Poets in this series include:

Avotcja has been published in English & Spanish in the USA, Mexico & Europe, and in more Anthologies than she remembers. She is an award winning Poet & multi-instrumentalist who has opened for Betty Carter in New York City, Black Poets With Attitudes, Bombarengue, Nikki Giovanni, Dwight Trible, Diamano Coura West African Dance Co., The Bay Area Blues Society & Caribeana Etc. Shared stages with Sonia Sanchez, Piri Thomas, Janice Mirikitani, Diane DiPrima, Michael Franti, Jayne Cortez, & is a Bay Area icon with her group Avotcja & Modúpue. Avotcja was the opening act for the legendary Poet Pat Parker the last three years of her life. She both composed & performed the film score for the Danish documentary MuNu.
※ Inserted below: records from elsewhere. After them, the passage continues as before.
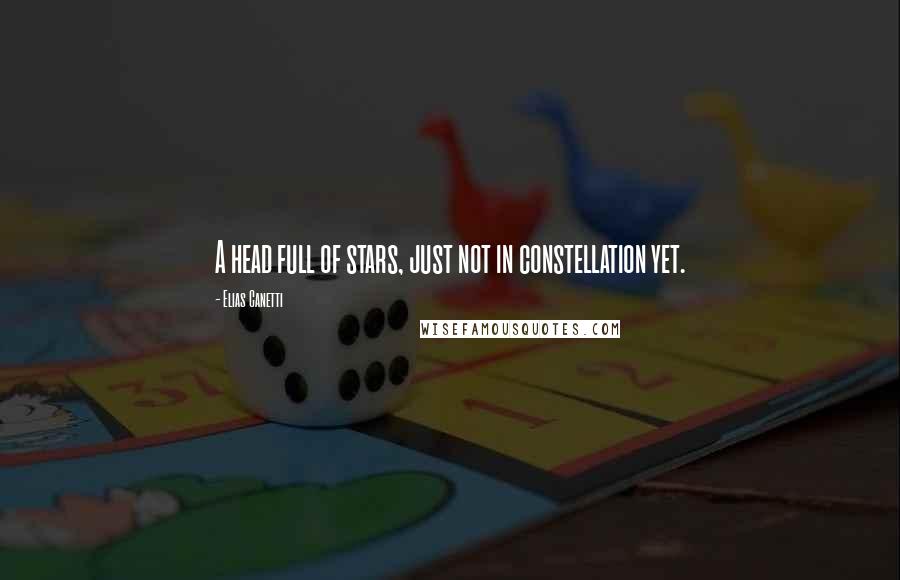 Elias Canetti Quotes: A head full of stars, just not in constellation yet.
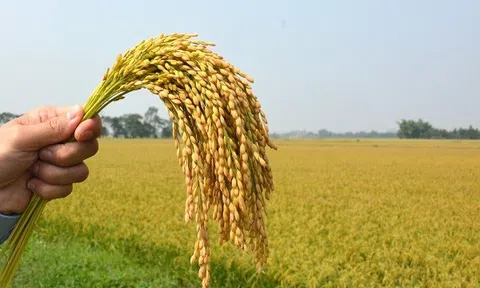 Đồng Tháp thêm nguồn thu nhập từ phụ phẩm sau lúa và gạo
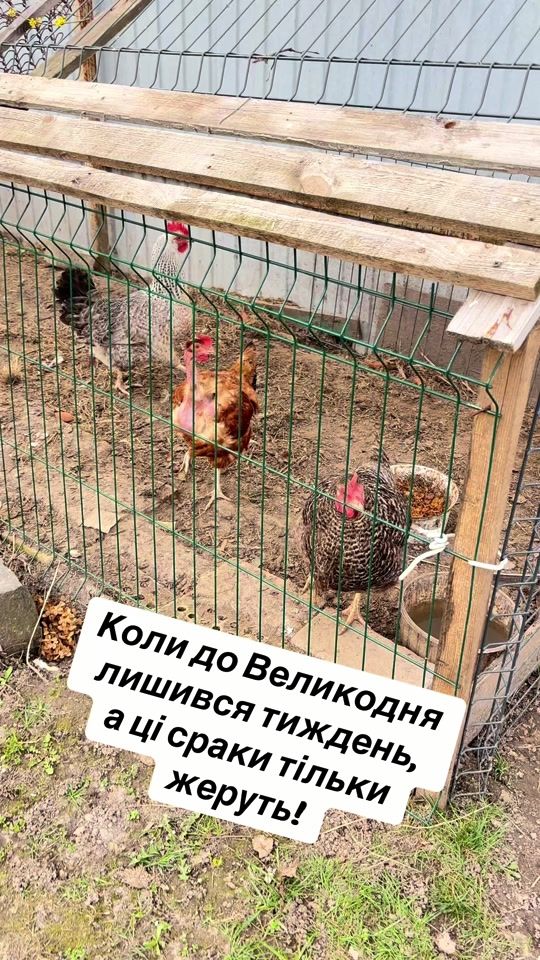 TikTok video thumbnail by vvvovchenko0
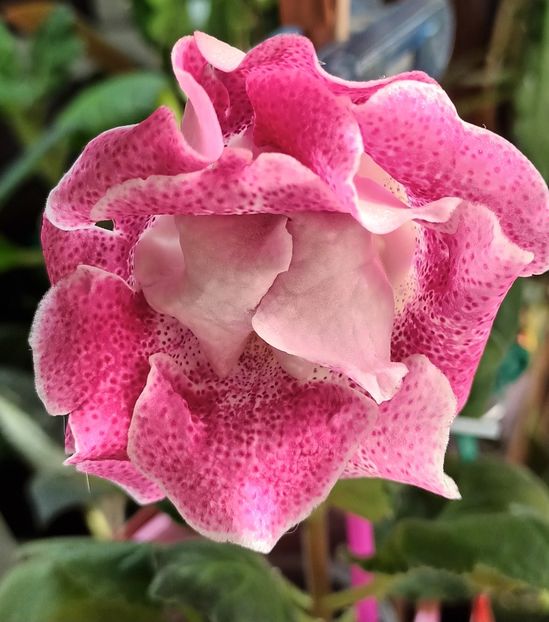 ❤️❤️❤️ - Bombonelele gloxi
Born and raised in Manila, Philippines, Aileen Cassinetto is an Academy of American Poets Laureate Fellow and served as the Poet Laureate of San Mateo County, California from January 2019 to June 2022. The founder of Paloma Press and author of two poetry collections, her work has appeared in POETRY and Fellowship Magazine, and in exhibitions including Public Art at Belameda Park, The TRANSCENDIENTS Exhibitions at the Japanese American National Museum, Chromatext Rebooted at the Cultural Center of the Philippines, and the Hay(na)ku Permanent Exhibition at the San Francisco Filipino American Center, among others. She also produced the short ecopoetry films, “Breathe” (an official selection in the Nature & Culture Poetry Film Festival in Copenhagen) and “decompose” (in collaboration with the Documentary Film Institute). She received a Special Congressional Recognition and was appointed Commissioner on the San Mateo County Commission on the Status of Women in 2021.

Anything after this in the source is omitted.